I just added a Wikipedia article for this gunfight, as I was surprised there was no mention of it. Does anyone know why this gunfight seems to be so little-known? From what I've gathered so far, it had similar causes as the Gunfight at the O.K. Corral (tensions over cattle rustling, big cattle barons vs. smaller ranches, political wrangling between factions) and ended up killing more people than its more famous 'cousin'. Heck, it even has a love triangle. One would think it would be up there with the best-known gunfights.
Is it maybe because the town of Tascosa no longer exists?
Is it perhaps because in this case there were no lawmen involved?
Is it simply that its name is not catchy?
Is it just because none of the participants wrote a book about it and no one made movies based on it?
I can't figure it out. Heck, with all the romance and dirty politics involved, one would think Hollywood would be all over this one.
The "classic" gunfights that we all know are also part of Western Lore. They have been known for a century and written about in the old dime novels. The gunfight at the OK Corral, the Big Killing in Lincoln, John W. Harden being shot in the back and even Garrett in the back as duty called. These events have a long history.
The Tascosa fight is not well known and so there are no legends about it. I had never heard of it until I bought Nolan's book in the subject a few years ago.
No had anyone else.
According to what I've read, until the 1940s, the Tascosa fight was better-known than the Gunfight at the O.K. Corral.
Wyatt Earp was generally unknown until Stuart Lake's book was published...I think in 1931. Nor was the Kid known until Burn's book, which was published, as I recall, in 1926.
While it is neither here nor there, I had not heard of the Tascosa fight until a few years ago.
In my neck of the woods, Western Kansas, the most talked about gunfight was the battle in Coffeeville after the bank robbery.
There is a whole chapter on the fight in the book MaverickTown, the story of old Tascosa, by John L McCarty. Its a great read and a good addition to any western collection
There are many gunfights that don't get the attention they deserve. However, just having the name "The Gunfight at the OK Corral" sounds like the epitome of the Old West- having both "Gunfight" and Corral" in the name... plus it was in the city of Tombstone. So many great names in a single event.
What I would like to find out about Tascosa, is a city layout. I know just about the entire town no longer exists... but it would be cool to know the exact locations of some of the buildings that used to be there.
Yeah, 'The Big Fight' was okay when it was one of the best-known gunfights, but these days, not so much. 'Tascosa Gunfight' doesn't quite have the same ring as 'The Gunfight at the OK Corral' either. I think maybe if they called it 'The Gunfight at the Jenkins Saloon', that might be better.

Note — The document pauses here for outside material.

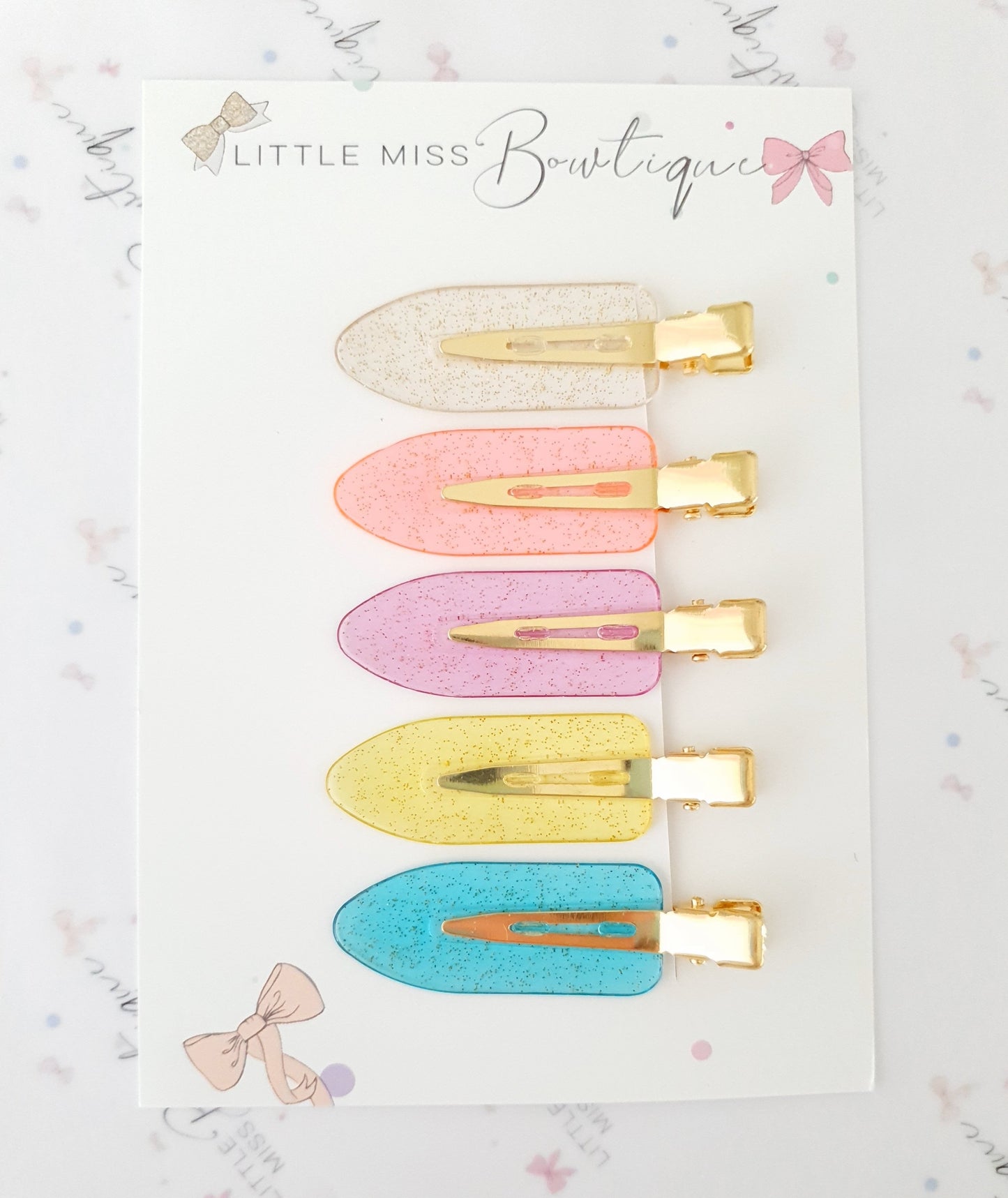 No Crease Glitter Clips  5pk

Also, prior to 1940, Tascosa was a big name when it came to towns that conjured up the Old West. These days it's almost completely forgotten, but in the old days, 'Tascosa' was one of THE big western outlaw towns, home to folks like Pat Garrett, Billy the Kid and Temple Houston.

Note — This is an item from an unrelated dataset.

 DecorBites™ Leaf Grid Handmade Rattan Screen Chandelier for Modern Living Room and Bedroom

As for the city layout, I made a map on Google Maps that shows the town and the major places involved in the fight. It's here:
The actual gunfight took place in what is now a parking lot.
Wow Ian- that was exactly what I was looking for! Now if someone can go around a photograph those spots.... ;)
I love finding the original locations of places that have been gone for a long time. It's all about the mystery, finding clues, and standing there knowing what once stood there. There are so many unmarked historical sites out there that are begging to be found once again.
If you dont have the book i mentioned it may be worth buying it as it does have some maps in it that may help.
What was originally Tascosa is now the site of Cal Farley's Boys' Ranch. Texas Tech press has a book written by a former sheriff there. He was there when the town was established. One of the things he talked abt in the book was a barkeep who kept a sawed-off muzzle-loading shotgun he insists was loaded with 'a teacup full of powder.' Since I know how much black powder smokes, I figure if he let that thing off on a still day it would be abt half an hour before you could see thru the smoke. Of course, there aren't many still days in the Texas panhandle.
I read your Wikipedia article on the subject. The story does seem to have many elements that would seem to make for a good western movie. If Pat Garrett had stuck around and been involved, his name would surely have boosted the appeal of the tale. If there were more follow-up action like the assasinations and vendetta ride in the case of the OK Corral, that would also increase interest. In your article, perhaps you should have given more information about the trial, and why the surviving participants were found not guilty. Changing the name of the incident from "The Big Fight" to "The Shootout at Tascosa" or "The Shootout at Tascosa, Texas" might help, too.